- _What to work on_: When the listing below reaches the line that has "Рецессия найти. Экономический", start reproducing exactly; stop after the line that has "Wohnung Zu Verkaufen", and drop the pictures.
** Provided entries follows **
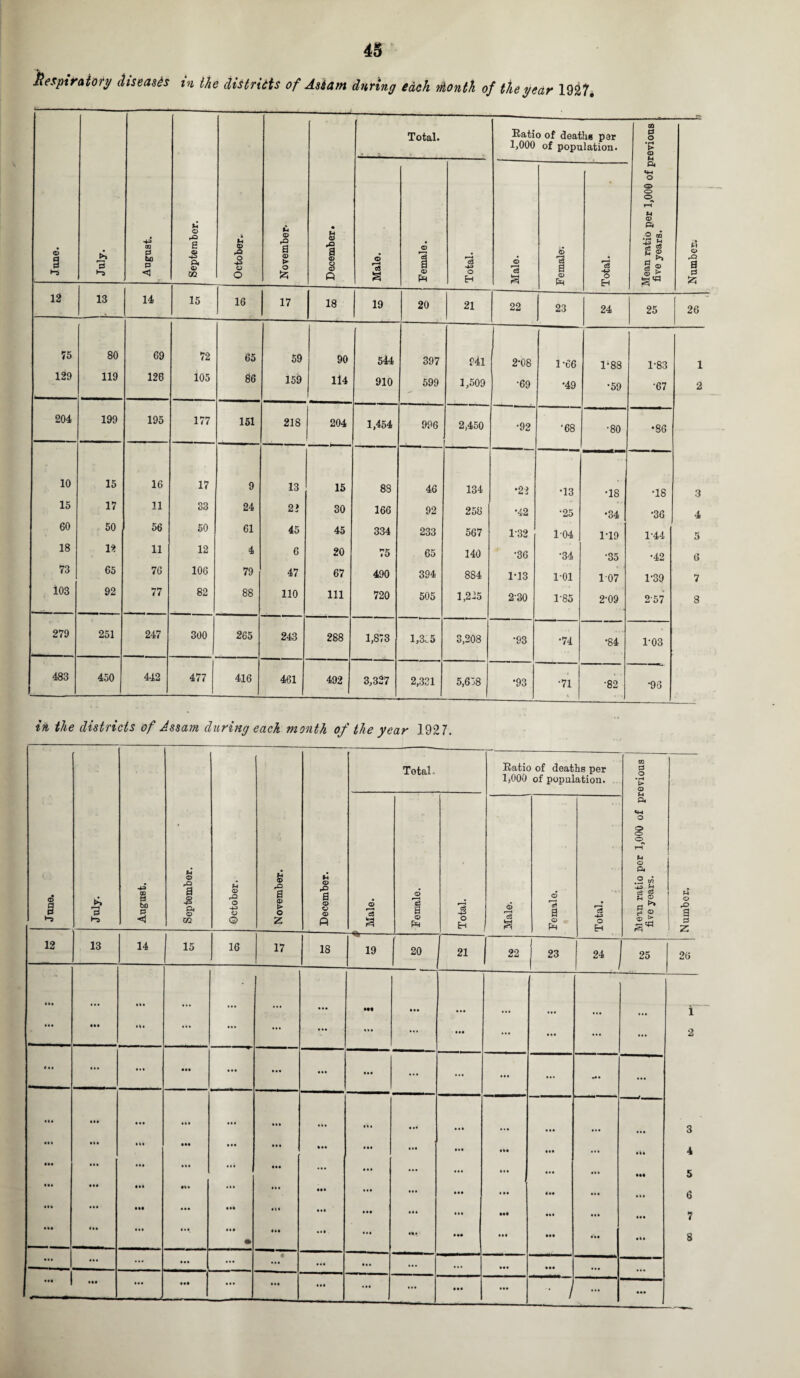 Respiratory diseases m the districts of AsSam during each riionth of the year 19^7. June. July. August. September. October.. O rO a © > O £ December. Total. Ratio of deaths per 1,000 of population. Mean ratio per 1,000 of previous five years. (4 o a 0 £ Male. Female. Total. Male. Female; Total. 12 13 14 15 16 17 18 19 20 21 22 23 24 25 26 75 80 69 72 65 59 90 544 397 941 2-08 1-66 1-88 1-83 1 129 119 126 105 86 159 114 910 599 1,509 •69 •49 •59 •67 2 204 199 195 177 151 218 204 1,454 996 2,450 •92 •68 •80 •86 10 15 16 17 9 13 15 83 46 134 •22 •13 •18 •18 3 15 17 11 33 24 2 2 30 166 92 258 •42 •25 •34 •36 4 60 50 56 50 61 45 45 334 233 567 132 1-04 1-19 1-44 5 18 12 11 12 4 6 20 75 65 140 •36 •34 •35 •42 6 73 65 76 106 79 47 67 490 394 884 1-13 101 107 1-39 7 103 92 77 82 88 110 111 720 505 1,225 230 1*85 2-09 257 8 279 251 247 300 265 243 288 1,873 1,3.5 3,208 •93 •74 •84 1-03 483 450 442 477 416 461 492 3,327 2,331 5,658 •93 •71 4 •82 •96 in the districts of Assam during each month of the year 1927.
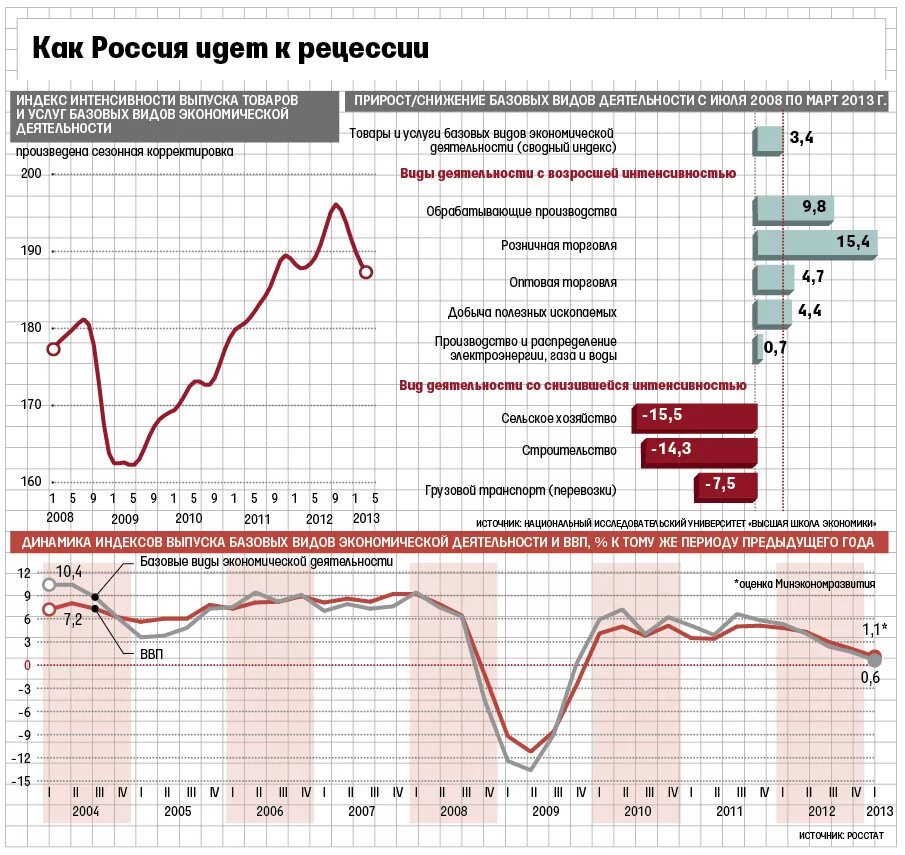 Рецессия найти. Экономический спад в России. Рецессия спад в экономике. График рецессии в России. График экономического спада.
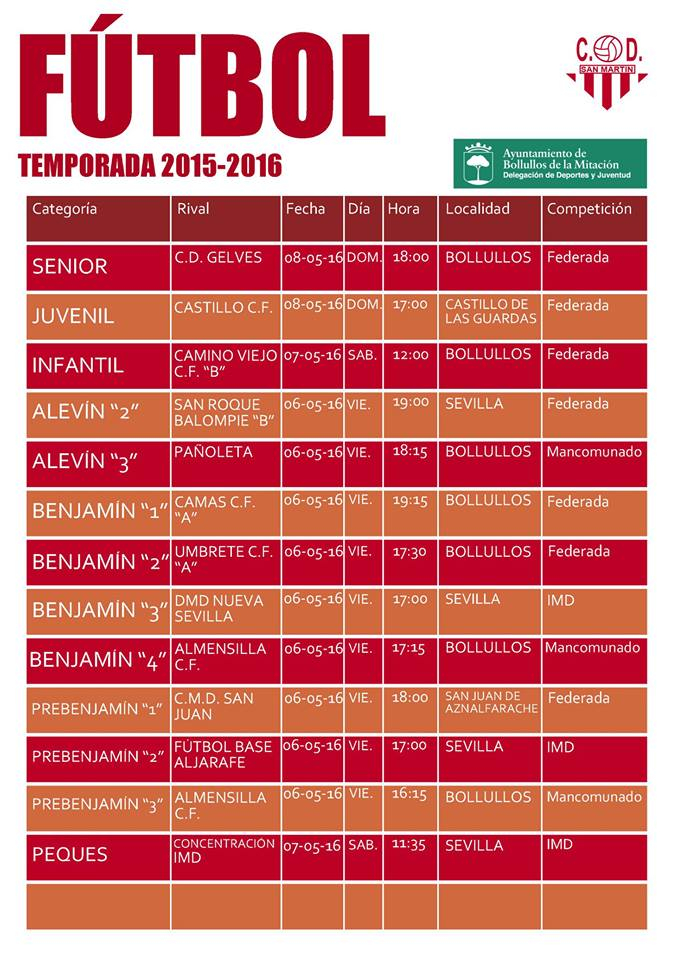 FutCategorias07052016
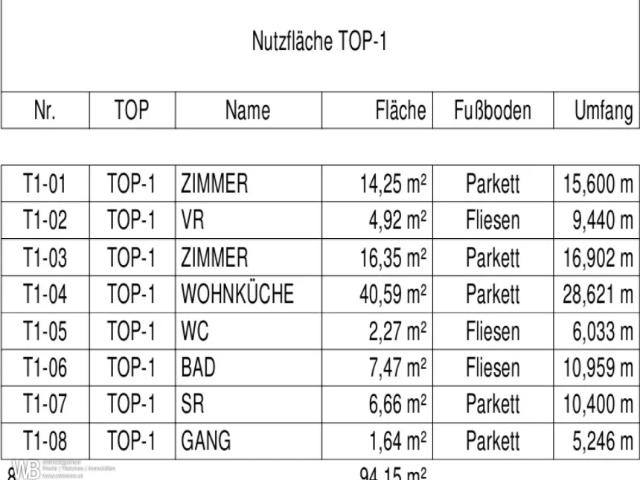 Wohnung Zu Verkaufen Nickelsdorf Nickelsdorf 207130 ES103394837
** End of Provided entries **
** Provided entries follows **
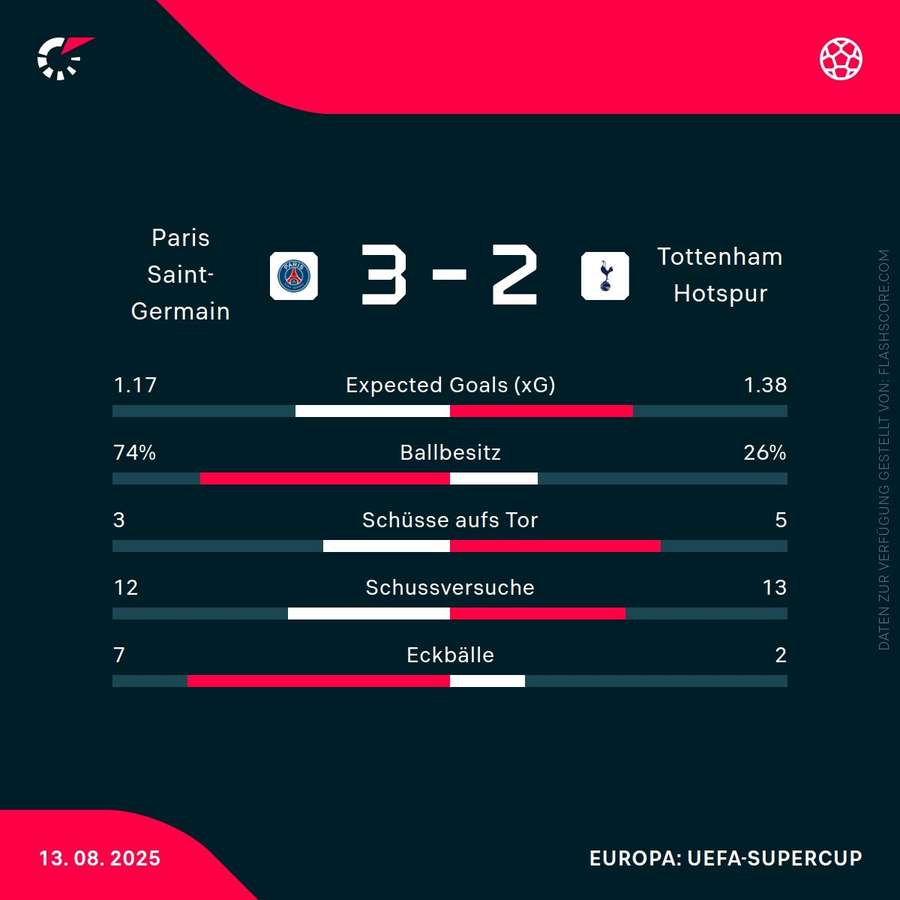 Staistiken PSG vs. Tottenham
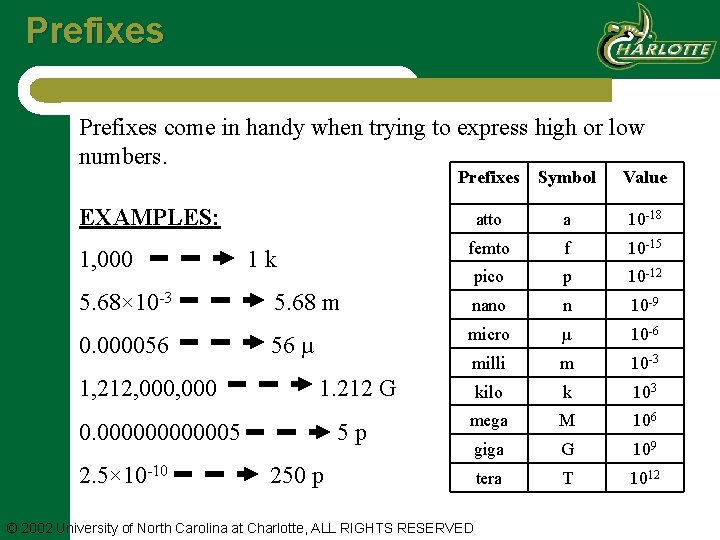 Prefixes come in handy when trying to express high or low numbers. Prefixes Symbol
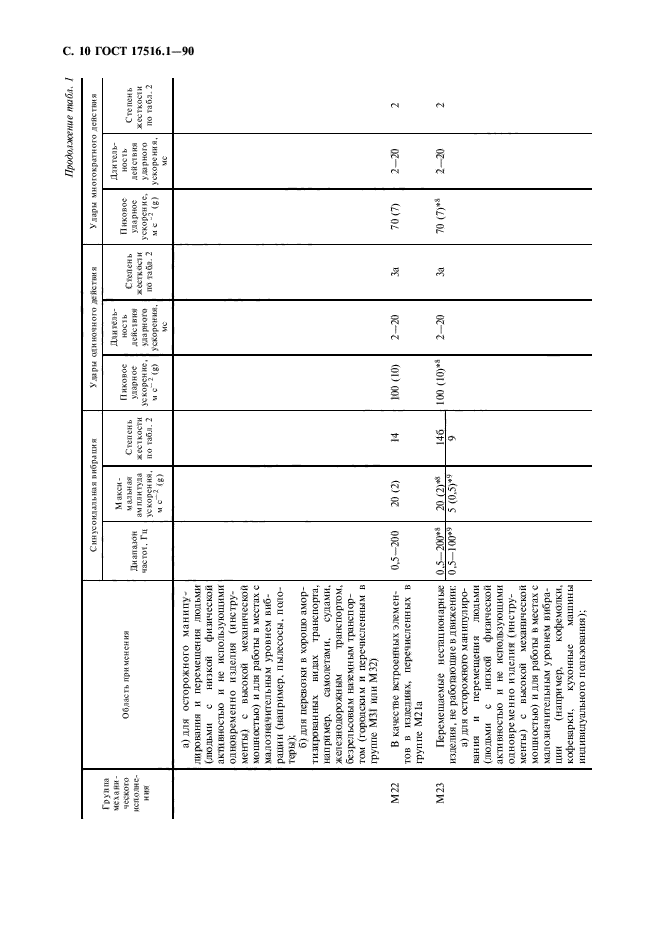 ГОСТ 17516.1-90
** End of Provided entries **
- _Result of this task_:
 Рецессия найти. Экономический спад в России. Рецессия спад в экономике. График рецессии в России. График экономического спада.
 FutCategorias07052016
 Wohnung Zu Verkaufen Nickelsdorf Nickelsdorf 207130 ES103394837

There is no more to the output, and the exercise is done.